January, as a business owner, is a month that you often just want to get through as quickly as possible… Not only because you’re still getting over the Christmas and New Year hangover but also because it is when you’re most at risk of someone handing in their notice. However well you treat your workforce we’d all be naive to think that 90% of the people you employ will be with you for a lifetime. Unfortunately ‘New year, new career’ is consistently one of the most common phrases banded around in January as people have taken time to reflect on their life & aspirations over the Christmas break – and this hasn’t changed in 2019!
So, without panicking, what are you to do if one of your team hand in their notice? Here’s 6 things the Robertson Sumner team would recommend…
1) Have more than one contact in each customer account!
This is a little bit of a cheeky one as it’s something for consideration before anyone hands in their notice but is absolutely vital for a sales led business… make sure every customer has more than one touch point within your business!
This is vital on a whole host of different levels; not only does it help ensure business won’t be lost when an employee leaves but also adds to the service that you’re offering. There are a whole host of reasons for Senior Managers to have a service review with a client, alongside the Account Manager: you’re able to assess the quality of the Account Manager’s work, find additional opportunities to upsell which the Account Manager might not have identified but also, and probably most importantly, it shows the client that you truly value their business.

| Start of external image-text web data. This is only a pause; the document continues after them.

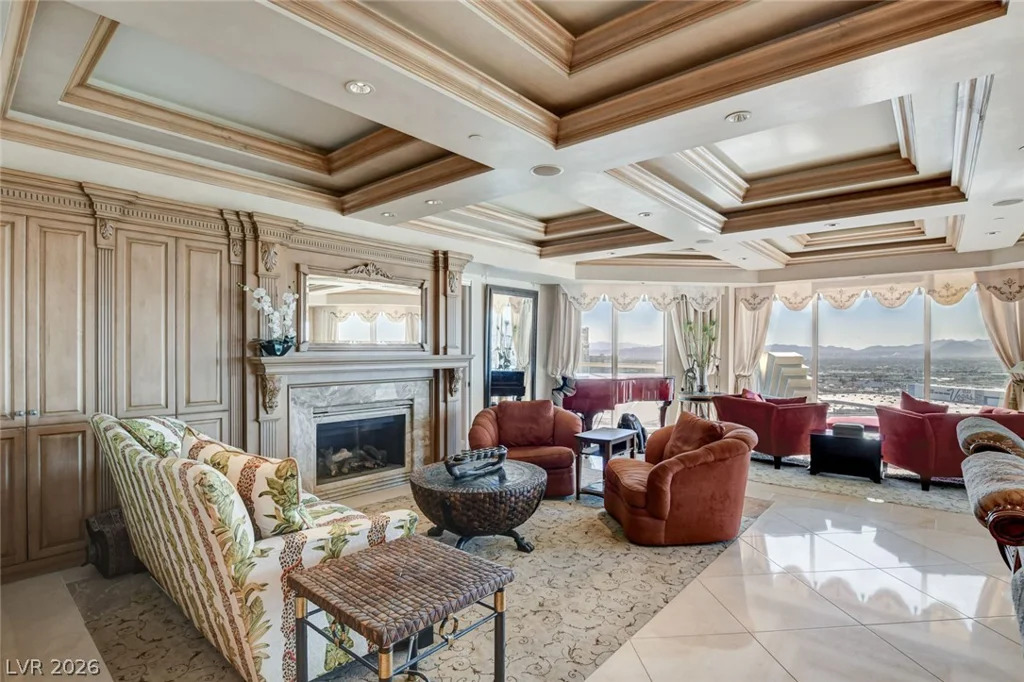 2877 Paradise, Las Vegas, NV 89109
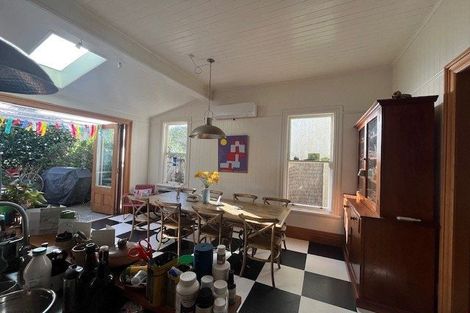 Photo of property in 164 Tasman Street, Mount Cook, Wellington, 6021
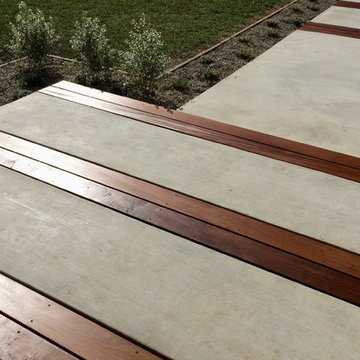 Mangaris Wood Stripes within Concrete Entry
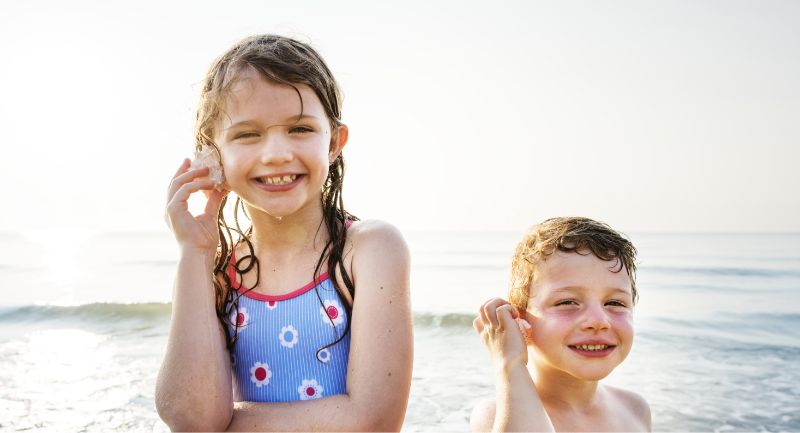 children-seaside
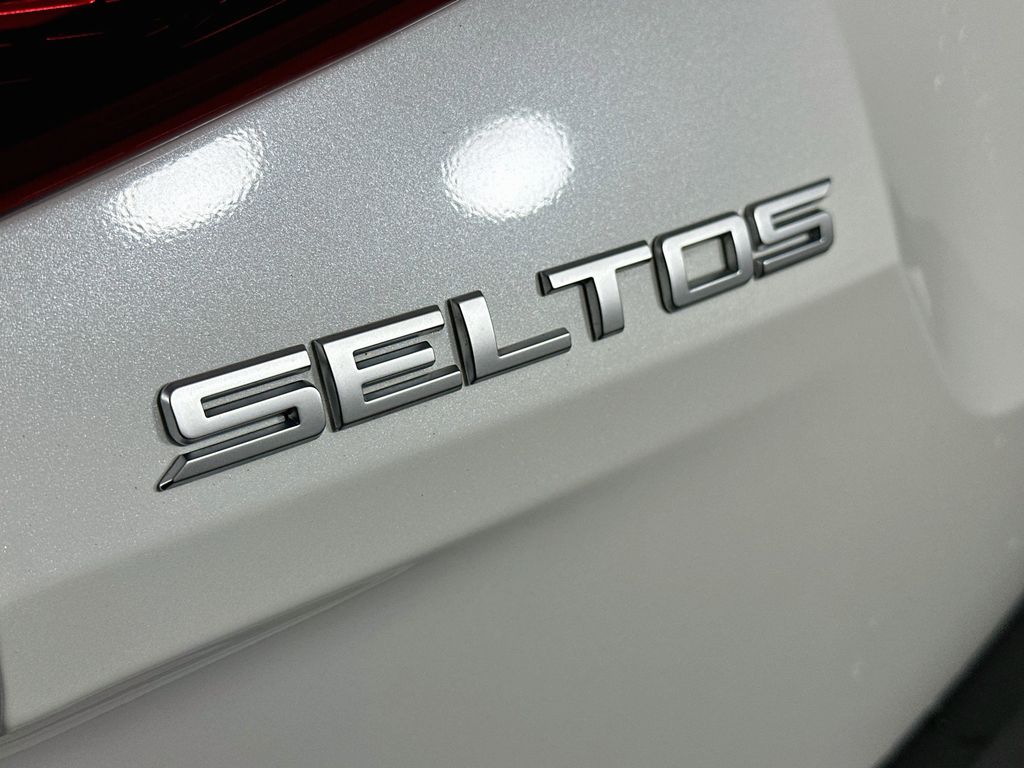 Thumbnail: 2023 Kia Seltos - 7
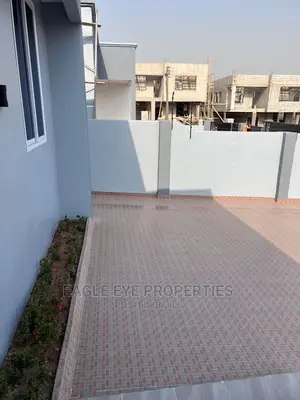 3bdrm House in Oyarifa for sale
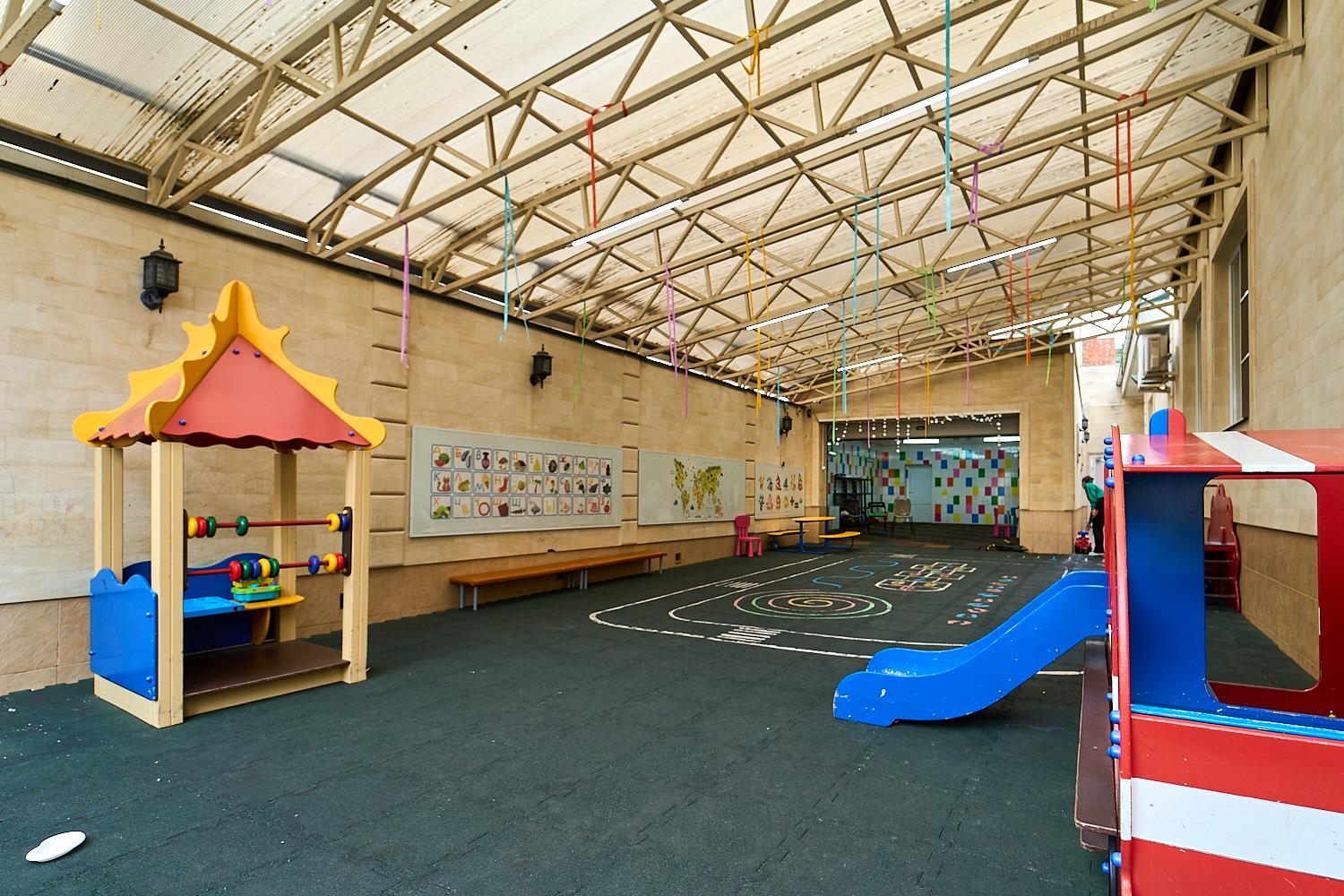 Фото №8: Коммерция 878 м² - Краснодар, Центральный внутригородской округ, Западный внутригородской округ, мкр. Центральный, ул. Чапаева, 70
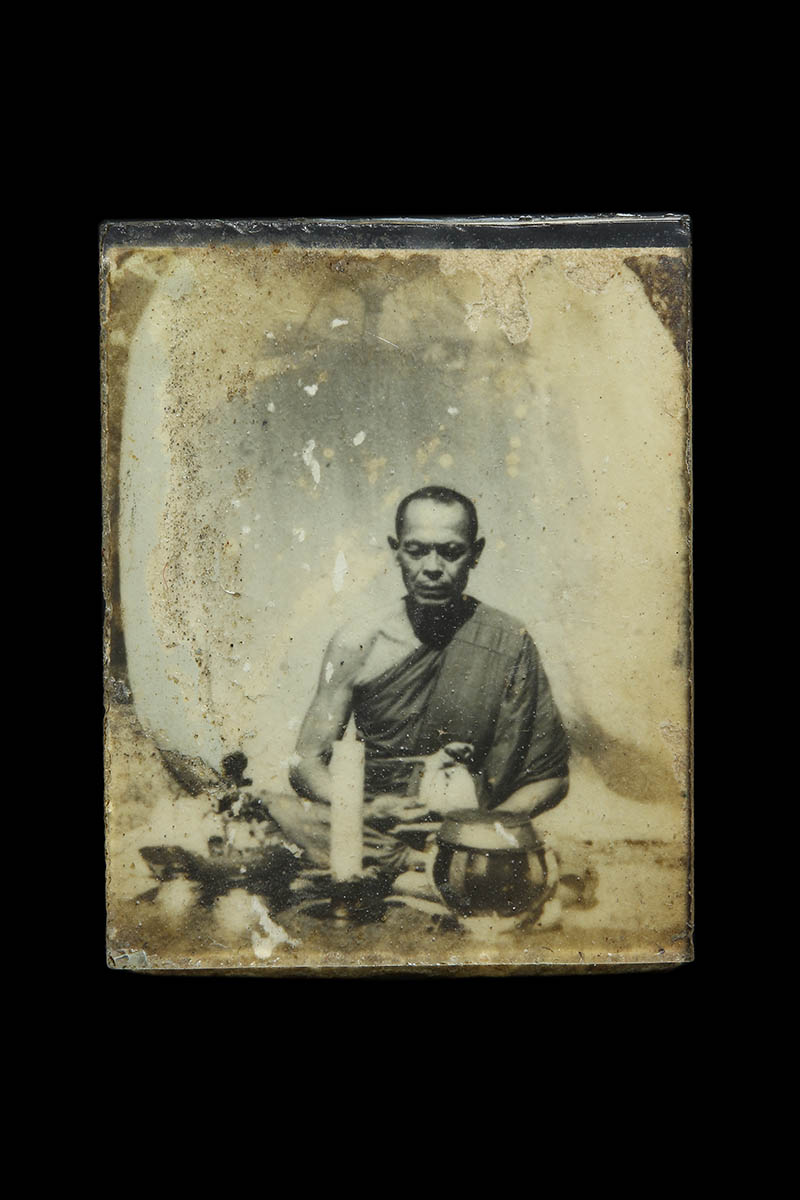 รูปหลวงพ่อดำ วัดกุฎิ ปราจีนบุรี หลังจาร เก่าหายาก - 1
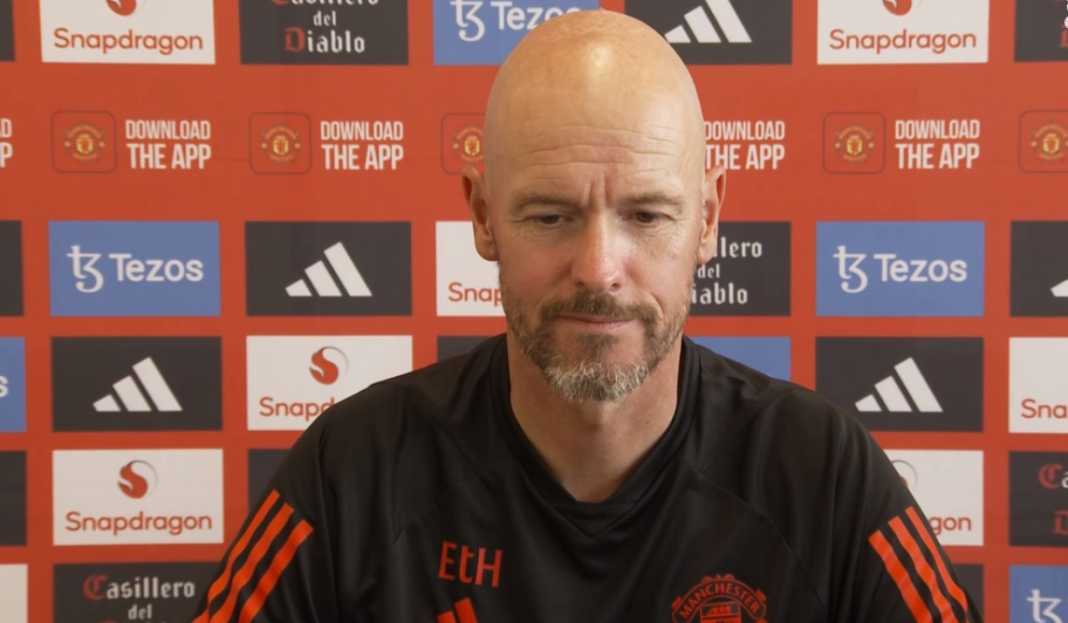 Erik ten Hag di konferensi pers Manchester United Erik ten Hag Sambut Laga Melawan Borussia Dortmund, Siap Turunkan Kekuatan Terbaik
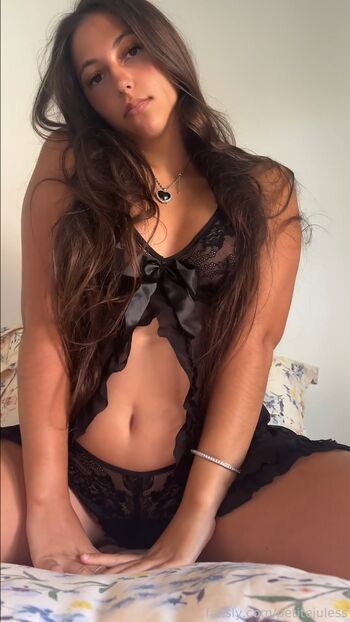 Full leaked Petitejuless private onlyfans photo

2) Don’t panic & try to learn something from the situation
It is very easy to act emotionally in the moments following an employee handing in their notice. This is understandable when you’ve probably invested a lot of money into this individual, however try to remain calm & rationale. Don’t just accept the employee’s notice and shut the door but instead have an open & honest conversation, trying to learn from the situation.
Ask your employee why they want to leave? Where are they going? Do they have any issues or problems with your business or work environment? This could be a great opportunity to discover some fundamental flaws in your business and stop more of your team following this individual out of the door… Or they could have no issues at all but are simply moving to the other side of the world.
3) Don’t make a quick ill-considered counter offer!
Firstly on this point, remember the very important stat that:
“80% of people who accept a counter offer from their current employer end up leaving within 6 months.”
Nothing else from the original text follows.